Beberapa kali saya bertemu Mbah Maridjan. Jauh sebelum Mbah Maridjan diperlakukan khalayak sebagai ”selebriti” dan kemudian membuat yang bersangkutan cenderung agak menutup diri, saya diperkenalkan kepadanya oleh teman-teman seniman. Kami ngobrol gayeng di rumahnya yang sederhana di lereng Merapi. Perbincangan dalam bahasa Jawa.
Masih saya ingat jawabannya, ketika seorang teman bertanya kepadanya: Mbah, kesenian sing apik ki sing piye (kesenian yang bagus itu yang seperti apa)? Tercenung sejenak, dengan gayanya yang khas Mbah Maridjan bilang, ”Kesenian sing apik, ditiru ora iso, dicacat ora cacat.” (Kesenian yang baik, ditiru tidak bisa, dijelekkan tidak menjadi cacat).
Beberapa ungkapan Mbah Maridjan dikenang teman-teman. Rekan wartawan yang dekat dengannya ingat, ketika berkomentar bahwa desa ini resep (nyaman), Mbah Maridjan menukas: ”Resep opo? Senep....” (Nyaman apaan? Senep). Dengan itu Mbah Maridjan hendak mengungkapkan kemiskinan sehari-hari penduduk setempat—yang oleh kacamata luar dipandang asri permai tenteram.
Pada perkembangan selanjutnya, Mbah Maridjan sering muncul di televisi. Posenya terpampang di baliho serta di bis-bis kota di Jakarta sebagai bintang iklan. Terlihat di televisi pula, kediaman Mbah Maridjan tidak seperti dulu ketika saya kenal. Rumahnya mentereng, ubinnya berkilat.
Ketika televisi menayangkan Mbah Maridjan berlari-lari menutup muka menghindari kamera wartawan, selintas saya ingat Putri Diana. Nasib mereka kurang lebih sama. Sama-sama orang sederhana, tiba-tiba harus berada di panggung media massa dengan bahasa yang tak sepenuhnya mereka pahami. Mbah Maridjan tak beda dengan kita semua. Media massa, terlebih kenyataan gadungan televisi, telah membawa orang tercerabut dari realitas.
Dulu, stres Diana yang tak tertanggungkan bisa dilihat dari bahasa tubuh: memainkan kuku-kuku jari, kadang menggigitnya, kepala menunduk, mata melirik. Pada Mbah Maridjan, terlihat dengan gejala menutup diri. Seperti koala yang bisa kaget dengan entakan sekecil apa pun, misalnya bunyi jepretan kamera, begitu kurang lebih Mbah Maridjan. Sontak dia masuk cangkang begitu kamera mengarah kepadanya.

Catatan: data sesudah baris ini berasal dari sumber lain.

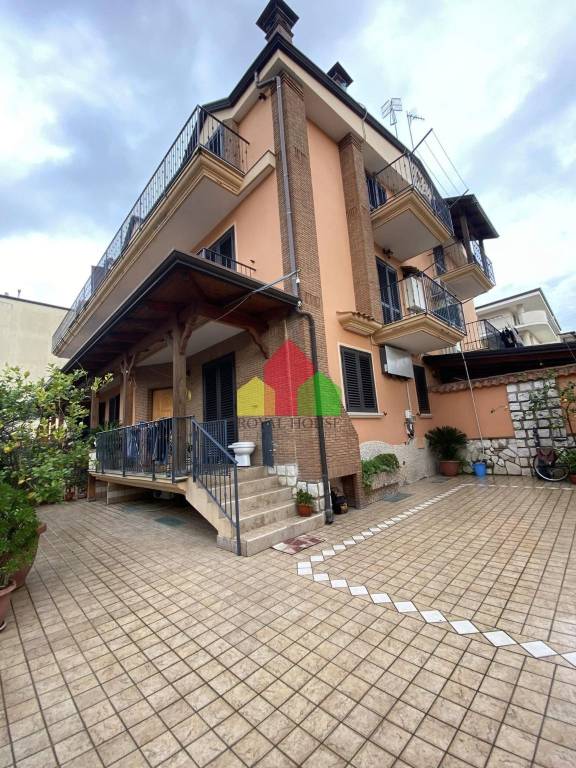 Villa a Schiera in vendita a Orta di Atella via Alessandro Lampitelli, 9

Pada makhluk-makhluk yang sensitif seperti koala, masih ada pihak yang melindungi. Misalnya dengan peraturan ketat: dilarang memotret, sedangkan Mbah Maridjan? Tiap detik privasinya dirambah, tanpa si perambah merasa bersalah. Akibat selanjutnya adalah keterasingan.
Tragedi keterasingan sudah sering diungkap berbagai karya seni dari sastra sampai film. Ujung dari itu semua adalah ”death wish”—kematian hanya sejengkal di depan kehidupan yang tak kita mengerti.
Mbah Maridjan barangkali bisa mengoperasikan kewaskitaannya menghadapi awan panas yang disebutnya ”wedus gembel”. Hidupnya akrab dengan semua gejala alam sehingga awan panas pun disebut mesra wedus gembel, harimau disebut kiaine, dan seterusnya. Namun wedus gembel media massa?
Ketika Julius Caesar ditusuk oleh sahabatnya sendiri, Brutus, sebelum tumbang sang kaisar hanya bisa berucap: ”Et tu? Brute?” (... dan kau, Brutus?).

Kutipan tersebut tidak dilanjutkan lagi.